Just type that in hiragana and it comes out quite good since you can type both "si" and "shi" for し。
so written in hiragana "watasi hosii koto dake sita" becomes
私欲しい事だけした。　which appears like a regular casual sentence to me. Sure the particles are omitted but isn't that what Japanese people do all the time in spoken language? 

"I(or someone else) did only things I liked" 

Any objections?


----------



## wide12

Derselbe, thank you, you are right, it makes sense in the context (thanks too for the nice explanation of context Franzi), because it was a friend whom I was playing with a few games, and she said that because I let her choose what she wanted to play, so yes, it makes sense now, thanks 

And maybe the sentence is not quite right japanese because she tries to talk to me in a simple way so I can understand (I fail most of the times though ;().


----------



## Wishfull

Derselbe said:


> Okay come on.
> Just type that in hiragana and it comes out quite good since you can type both "si" and "shi" for し。
> so written in hiragana "watasi hosii koto dake sita" becomes
> 私欲しい事だけした。　which appears like a regular casual sentence to me. Sure the particles are omitted but isn't that what Japanese people do all the time in spoken language?
> 
> "I(or someone else) did only things I liked"
> 
> Any objections?


 
Hi, Derselbe, thank you for your comment.
And I know why we want to get more context.

私欲しい事だけした is not natural to my ear. I think it will be natural when it is translated in Englsih.
*I only did what I wanted to do.*
I imagine that it is spoken/written by a non-native.
First, the subject “私”　is usually omitted in this brief sentence.

Second, the adjective “欲しい“　is not proper adjective in this context.
The usual alternatives would be;
したい事だけした。
好きな事だけした。
やりたい事だけした。
Or
欲しい物だけ手に入れた。
やって欲しい事だけ（あなたに）お願いした。


----------



## Arashi

Wishfull said:


> Hi, Derselbe, thank you for your comment.
> And I know why we want to get more context.
> 
> 私欲しい事だけした is not natural to my ear.

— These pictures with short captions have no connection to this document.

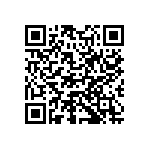 SN65HVD1781AQDRQ1 QRCode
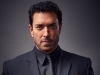 Alongside his work in film, Pryor runs his own successful law firm, Scott Pryor Law | Photos Courtesy of Scott Pryor
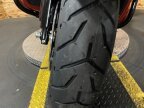 Thumbnail Photo 4 for 2024 Harley-Davidson Touring Road Glide Limited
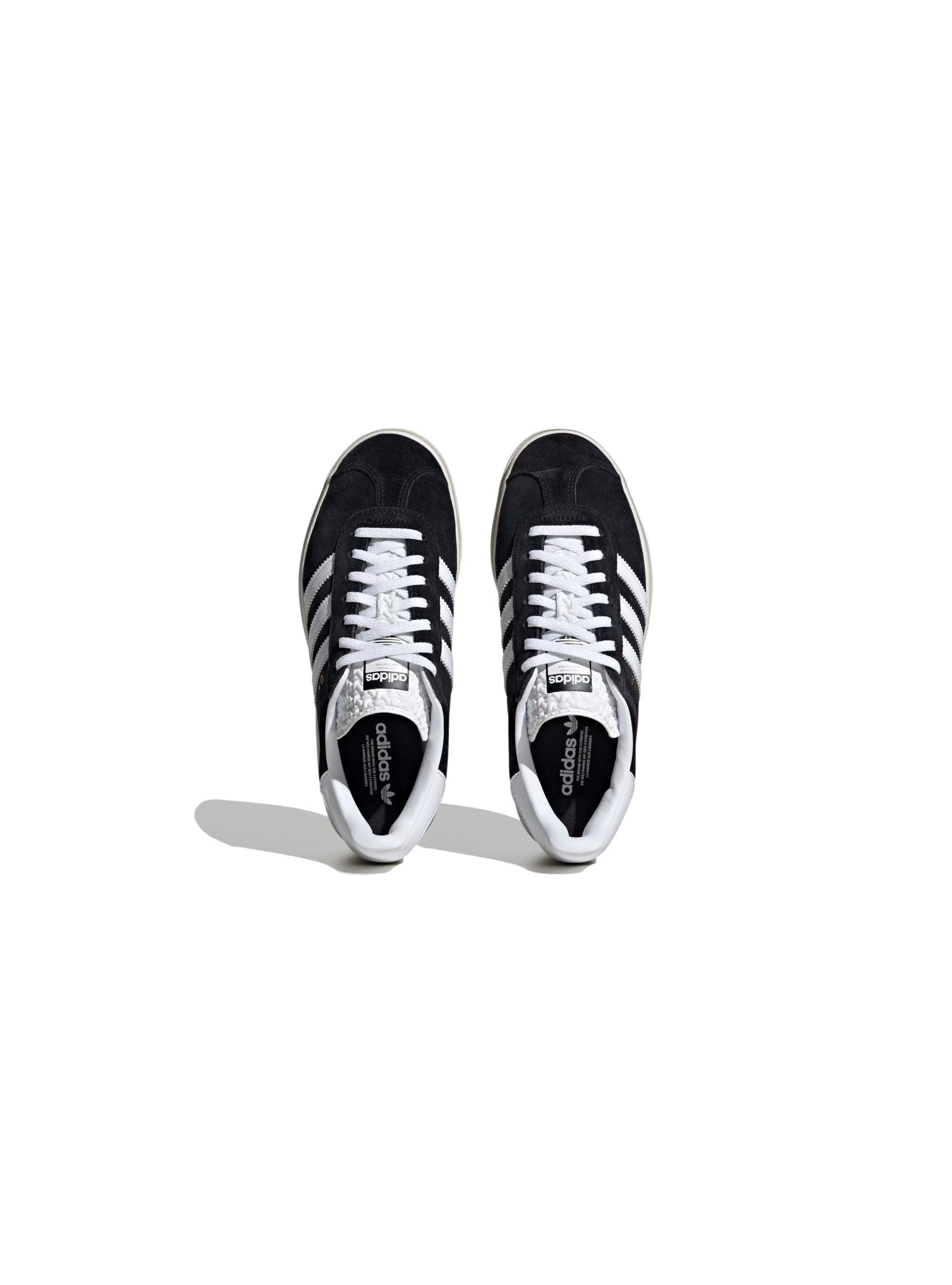 Adidas GAZELLE BOLD W HQ6912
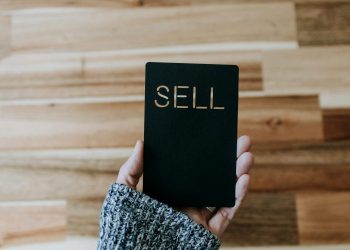 Bitcoin Whales Hit The Sell Button — $135K Price Target Now Trending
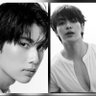 Trish 🌞JOONG 🌻DUNK 🌐 JASP.ER ♥ profil fotoğrafı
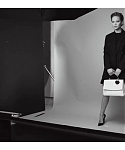 Making_Of_28Captures29_2816129.jpg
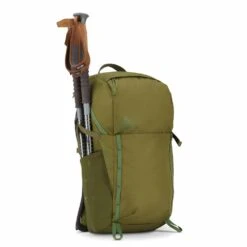 Kelty Asher 24L Backpack -Kelty Camp Gear Haven kelty asher 24l backpack 9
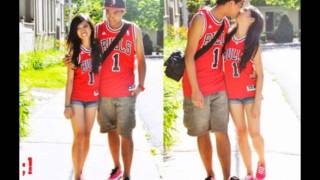 count on me_Bei Maejor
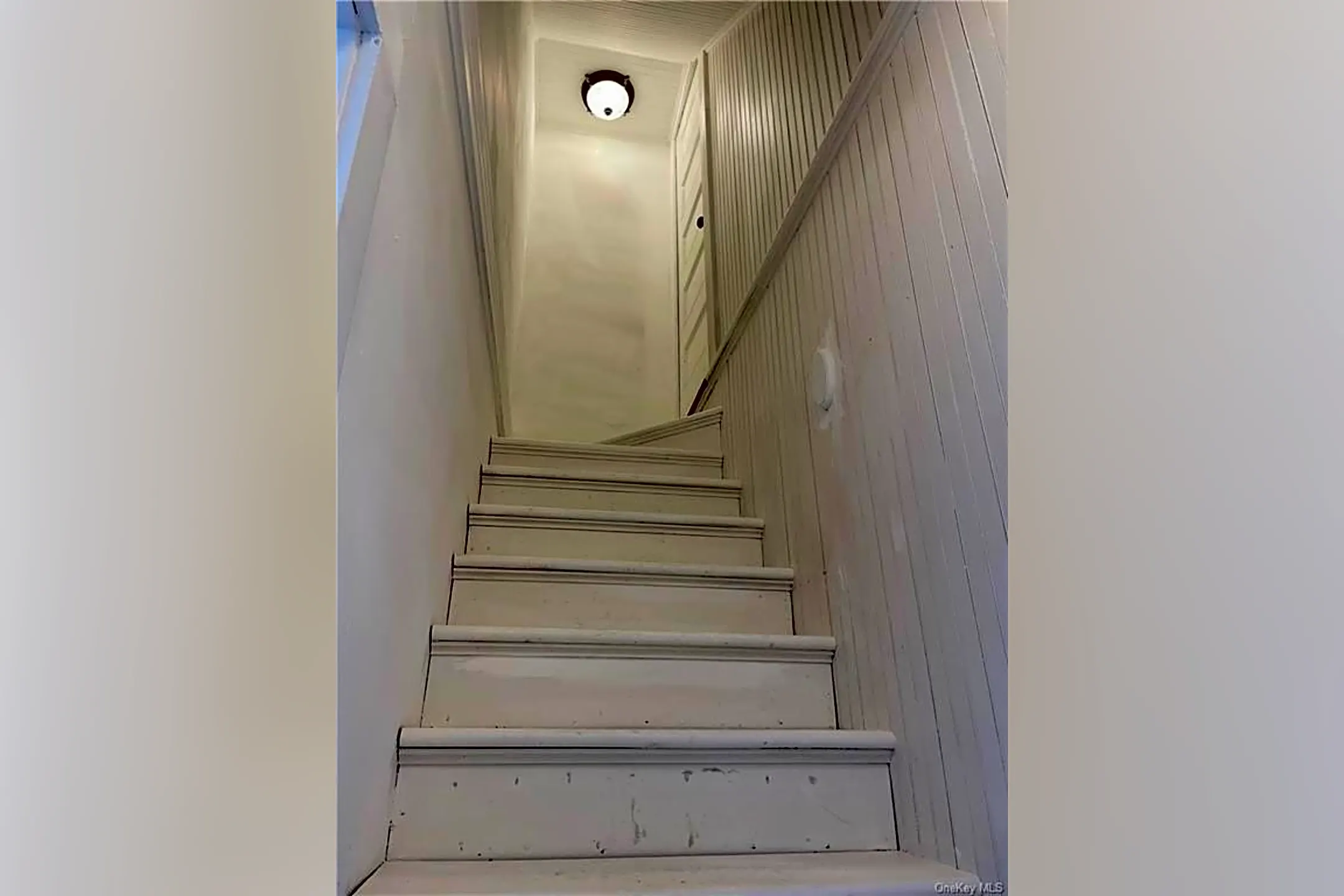 21 Clinton Ave Warwick, NY Houses for Rent Rent.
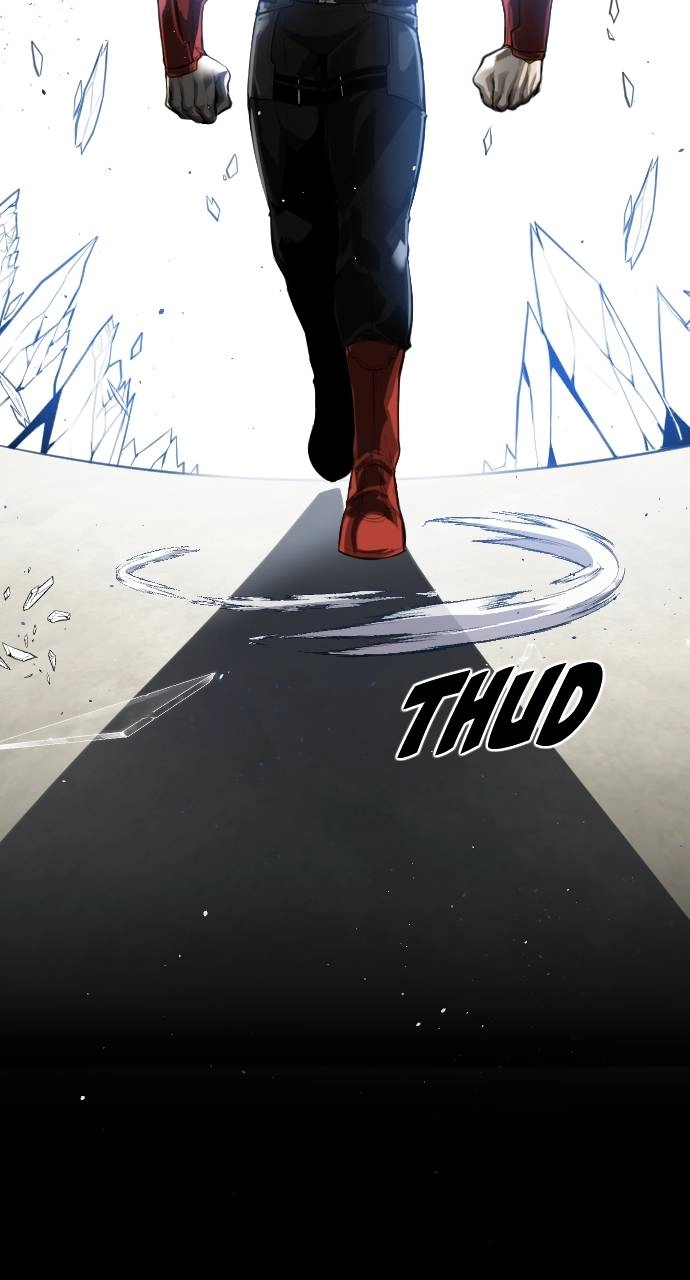 Rental Hero Chapter 59 Page 6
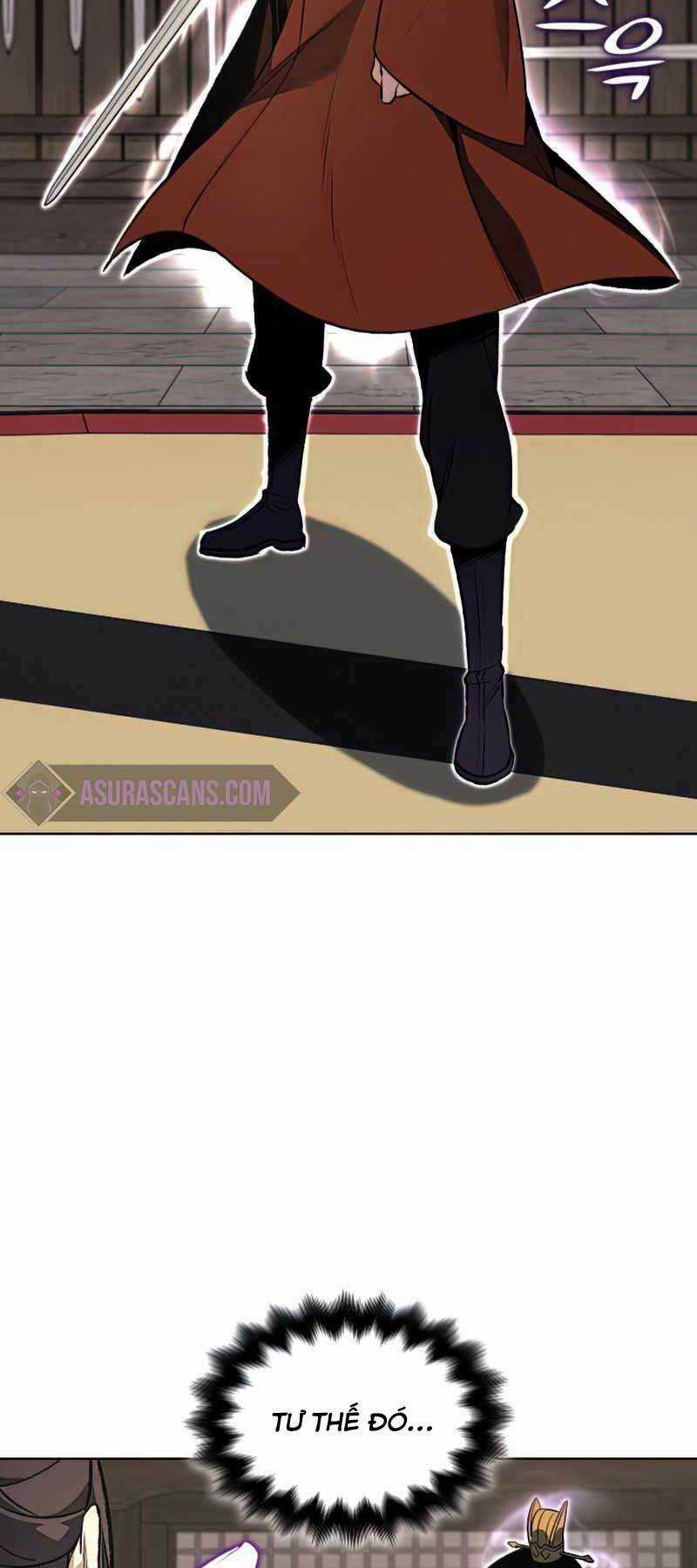 Thiên Ma Thần Quyết: Trùng Sinh Chapter 46 trang 70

I think it will be natural when it is translated in Englsih.
> *I only did what I wanted to do.*
> I imagine that it is spoken/written by a non-native.
> First, the subject “私”　is usually omitted in this brief sentence.
> 
> Second, the adjective “欲しい“　is not proper adjective in this context.
> The usual alternatives would be;
> したい事だけした。
> 好きな事だけした。
> やりたい事だけした。
> Or
> 欲しい物だけ手に入れた。
> やって欲しい事だけ（あなたに）お願いした。


 
It might sound unnatural because the speaker was simplifying what they were saying to make it easier for a non-native speaker to understand (hence "私"). I agree, though, that "欲しい" in this context doesn't sound natural, but I'm a beginner of the Japanese language and I've just never heard it used in context like this before.

"好きな事だけした。" or even "だけ欲しい事した" sound a bit more natural to me and easy enough for someone just learning the language to understand. "私" at the beginning of the sentence just makes it a little more simple for someone who might not be used to the omission of implied pronouns.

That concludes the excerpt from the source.